Christophe Dabitch :
“J’ai d’abord échangé au téléphone avec Marie, et le projet m’a tout de suite intéressé. Je connaissais le Causse Méjean, où j’avais déjà séjourné. C’est un lieu qui m’inspire beaucoup.
J’étais en train de travailler sur une bande dessinée autour du témoignage d’un survivant du génocide des Tutsis au Rwanda. Pour ce projet, j’avais besoin d’isolement, de me couper du quotidien et de me consacrer entièrement à l’écriture.
Au Four à Pain, j’ai trouvé la concentration nécessaire. La résidence m’a permis d’achever une première version du livre. L’accueil de Marie a aussi beaucoup compté : elle connaît parfaitement les besoins des artistes, sait être discrète et attentive. Il y a une dimension humaine qui rend ce lieu unique.”
Fonds de dotation Francis Kurkdjian : En quoi ce type de résidence modifie-t-il votre rapport au temps et à votre pratique habituelle ?
Christophe Dabitch :
“À Bordeaux, mon temps est fragmenté entre l’écriture, des ateliers, des collaborations… Ici, il n’y a plus de dispersion : tout est concentré sur un seul projet. Cela change profondément la manière de travailler.

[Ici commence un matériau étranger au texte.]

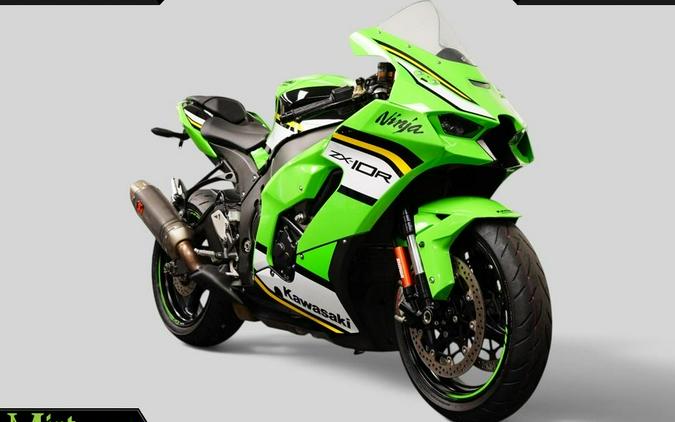 2025 Kawasaki NINJA ZX-10R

De plus, le regard bienveillant de Marie, ses retours, créent un climat qui donne de la force et du sens à ce que l’on entreprend.”
Annie Kurkdjian :
“Ici, on ne fait que son art, du matin au soir. On s’organise autrement, mieux. Et le regard de Marie, son retour discret mais précieux, donnent confiance.”

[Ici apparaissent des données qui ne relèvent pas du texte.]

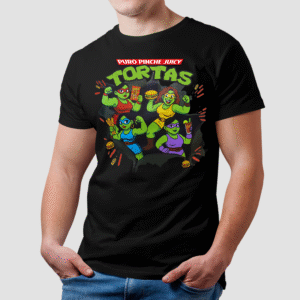 Puro Pinche Juicy Tortas Shirt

Fonds de dotation Francis Kurkdjian : Qu’aimeriez-vous que les habitants retiennent de votre passage ?
Annie Kurkdjian :
“L’expérience a été marquante, intime et chaleureuse, notamment lors des apéritifs organisés par Marie. Les habitants ont été accueillants, et je garderai en mémoire ces échanges humains et la beauté du lieu.”
Christophe Dabitch :
“Pour moi, ce sont les liens humains et les discussions qui comptent. Ces échanges laissent des traces, et peut-être aboutiront-ils à d’autres collaborations. Par exemple, Marie a provoqué notre rencontre avec Annie, et nous commençons à travailler ensemble sur un projet de bande dessinée. J’aimerais revenir partager ce travail une fois le livre abouti.”
Marie Descourtieux :
“Il serait intéressant d’imaginer une double résidence pour Annie et Christophe, afin de travailler ensemble sur ce projet. Cela pourrait donner lieu à une demande de soutien spécifique auprès du Fonds de dotation.”
Annie Kurkdjian :
“Ce projet, je le porte depuis plusieurs années. C’est une bande dessinée inspirée de l’assassinat de mon père, joaillier, en 1985. J’ai mené une enquête qui m’a conduite jusqu’à Vienne, où un procès aura lieu en octobre prochain.
J’ai tenté d’écrire seule, mais le scénario manquait de solidité. Je souhaite réaliser les dessins moi-même, car c’est une histoire profondément intime. Christophe pourrait m’apporter son expérience en écriture et en narration. Nous avons déjà échangé à distance, mais il nous faut un temps de travail commun pour avancer.”